Kementerian Pertahanan Tegaskan Peran TNI dalam Pertahanan Siber: Bukan untuk Memata-matai Masyarakat Sipil, Melainkan Menjaga Kedaulatan Negara
Penegasan Kementerian Pertahanan RI tentang Peran TNI dalam Pertahanan Siber
Kementerian Pertahanan Republik Indonesia (Kemhan RI) baru-baru ini memberikan klarifikasi terkait peran baru Tentara Nasional Indonesia (TNI) dalam ranah pertahanan siber, menyusul pengesahan Revisi Undang-Undang (UU) TNI. Penegasan ini bertujuan untuk meredakan kekhawatiran publik terkait potensi penyalahgunaan wewenang, terutama terkait isu pengawasan terhadap masyarakat sipil.
Brigadir Jenderal TNI Frega Wenas Inkiriwang, Kepala Biro Informasi Pertahanan (Karo Infohan) Sekretariat Jenderal Kemhan RI, menegaskan bahwa tugas TNI dalam pertahanan siber sama sekali tidak ditujukan untuk memata-matai atau mengawasi aktivitas masyarakat sipil. Penambahan tugas ini, yang tertuang dalam Pasal 7 UU TNI, justru dirancang untuk memperkuat kemampuan TNI dalam menjaga kedaulatan negara, keutuhan wilayah, dan keselamatan bangsa di era digital.
Urgensi Peran TNI dalam Menghadapi Ancaman Siber
Frega menjelaskan bahwa domain siber kini menjadi bagian integral dari operasi militer modern. Di berbagai negara maju, kekuatan siber bahkan telah menjadi korps tersendiri dalam angkatan bersenjata. Perkembangan teknologi dan dinamika ancaman siber yang semakin kompleks menjadi alasan utama mengapa TNI perlu dilibatkan secara aktif dalam menanggulangi ancaman-ancaman yang dapat membahayakan kedaulatan negara.
"Urgensi bagi TNI untuk berperan menanggulangi ancaman siber karena bersinggungan dengan kedaulatan negara. Oleh karenanya menjadi sebuah urgensi untuk mencantumkan pertahanan siber sebagai bagian dari salah satu cara melaksanakan tugas Operasi Militer Selain Perang (OMSP)," tegas Frega.

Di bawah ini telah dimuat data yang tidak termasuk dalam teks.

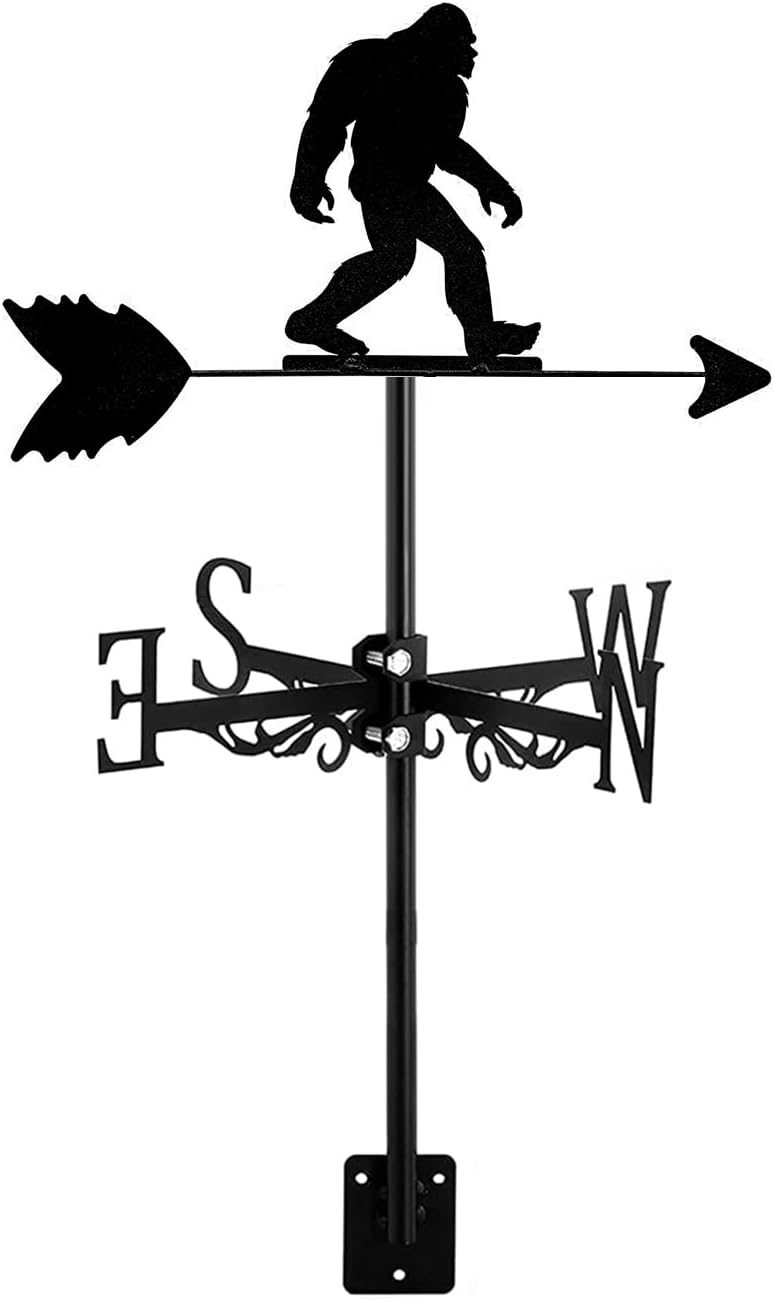 Veleta con forma de animales con montaje en el techo, dirección del viento, decoración creativa para el hogar, regalo para exteriores, granja,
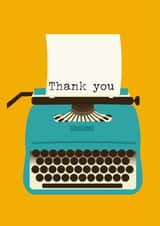 thankful typewriter Thank You Card 3645 created by Gail Myerscough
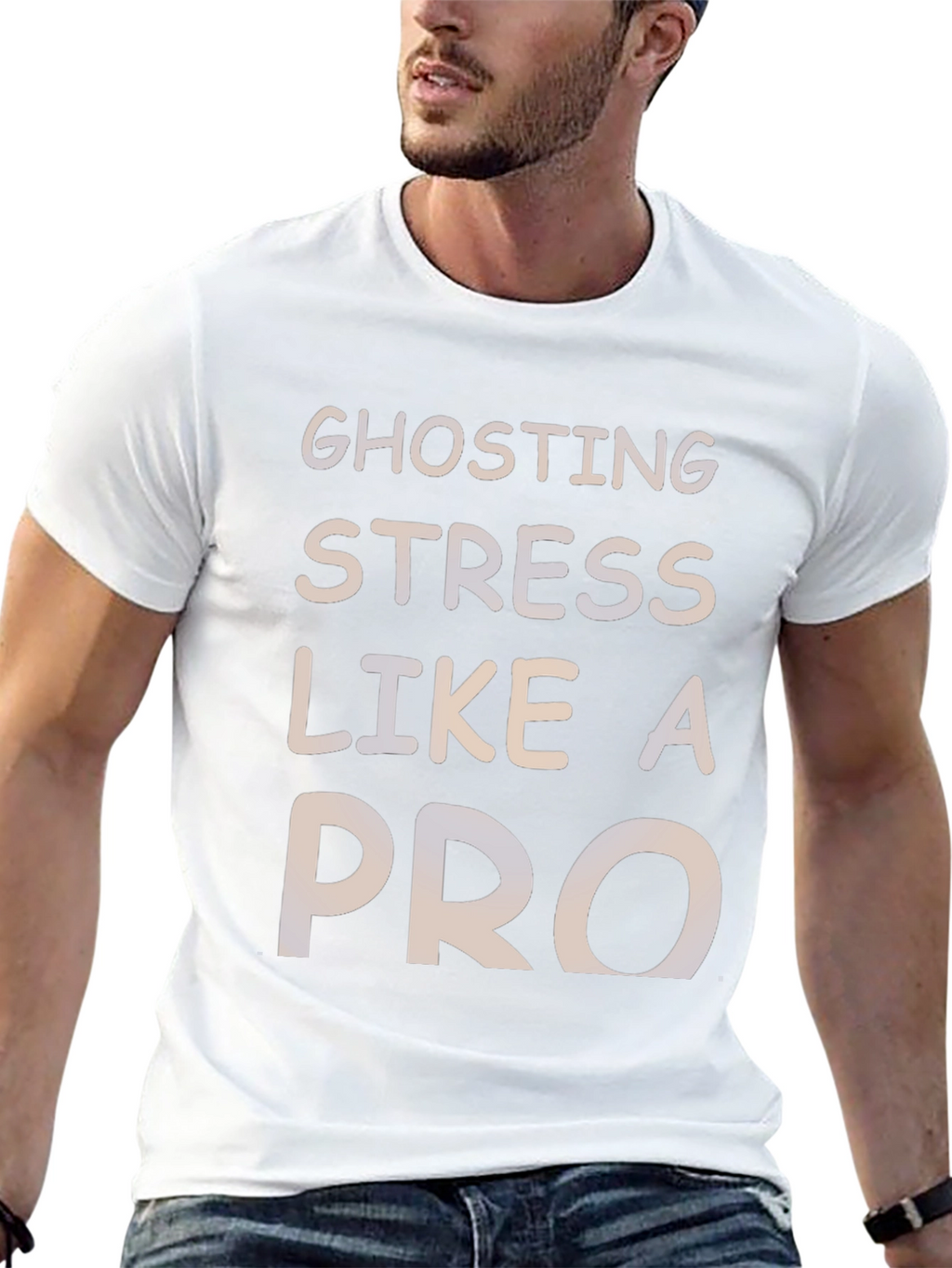 Ghosting Stress Like A Pro Black Graphic Tee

Keterlibatan TNI dalam pertahanan siber difokuskan pada penanggulangan ancaman yang berpotensi mengganggu kedaulatan negara. Kemhan RI mengimbau masyarakat untuk tidak khawatir, karena langkah ini merupakan bagian dari upaya peningkatan profesionalisme TNI agar mampu menjalankan tugasnya secara efektif.
Antisipasi Serangan Siber Terhadap Sistem Pertahanan Negara
Lebih lanjut, Frega menjelaskan bahwa ancaman siber yang dihadapi TNI dapat berupa berbagai bentuk serangan terhadap sistem pertahanan dan komando militer, termasuk:
- Peretasan (hacking)
- Sabotase digital
- Pencurian data strategis
- Serangan disinformasi yang bertujuan untuk melemahkan institusi
Dengan penambahan tugas pertahanan siber ini, TNI diharapkan dapat lebih siap dalam menghadapi dan menanggulangi ancaman-ancaman tersebut, sehingga mampu menjaga stabilitas dan keamanan nasional.

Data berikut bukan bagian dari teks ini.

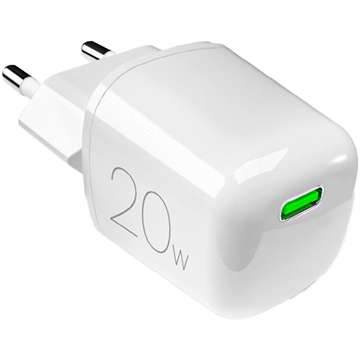 Carregador de parede USB-C Puro MiniPro GaN - 20W - Branco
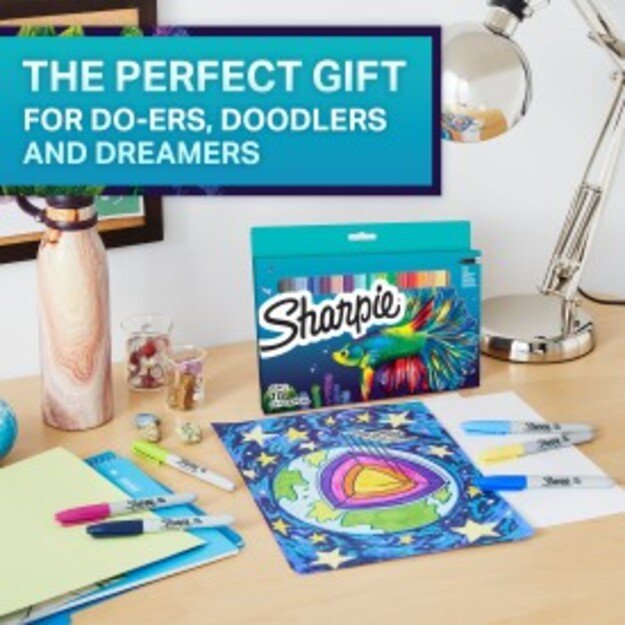 Sharpie - Permanent Marker Fine BTS Assorted Colours 18-Blister (2201230)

Koordinasi dengan Lembaga Lain dan Jaminan Transparansi
Frega menegaskan bahwa TNI tidak akan mengambil alih tugas lembaga lain dalam bidang siber. Sebaliknya, TNI akan berkoordinasi erat dengan berbagai kementerian dan lembaga terkait, seperti Badan Siber dan Sandi Negara (BSSN), Kementerian Komunikasi dan Informatika (Kominfo), dan Kepolisian Republik Indonesia (Polri).
Setiap tindakan yang dilakukan TNI dalam ranah pertahanan siber akan selalu berada dalam koridor hukum dan sesuai dengan peraturan perundang-undangan yang berlaku. Operasi pertahanan siber akan dikoordinasikan dengan instansi terkait untuk memastikan transparansi dan mencegah pelanggaran terhadap hak-hak masyarakat dalam mengakses informasi.
Frega juga menepis kekhawatiran bahwa pelibatan TNI dalam pertahanan siber akan memberangus demokrasi dan membatasi kebebasan berpendapat. Menurutnya, kebebasan berpendapat, termasuk menyampaikan kritik, merupakan hal yang wajar dalam negara demokrasi. TNI akan tetap menjunjung tinggi prinsip-prinsip demokrasi dan hak asasi manusia dalam menjalankan tugasnya.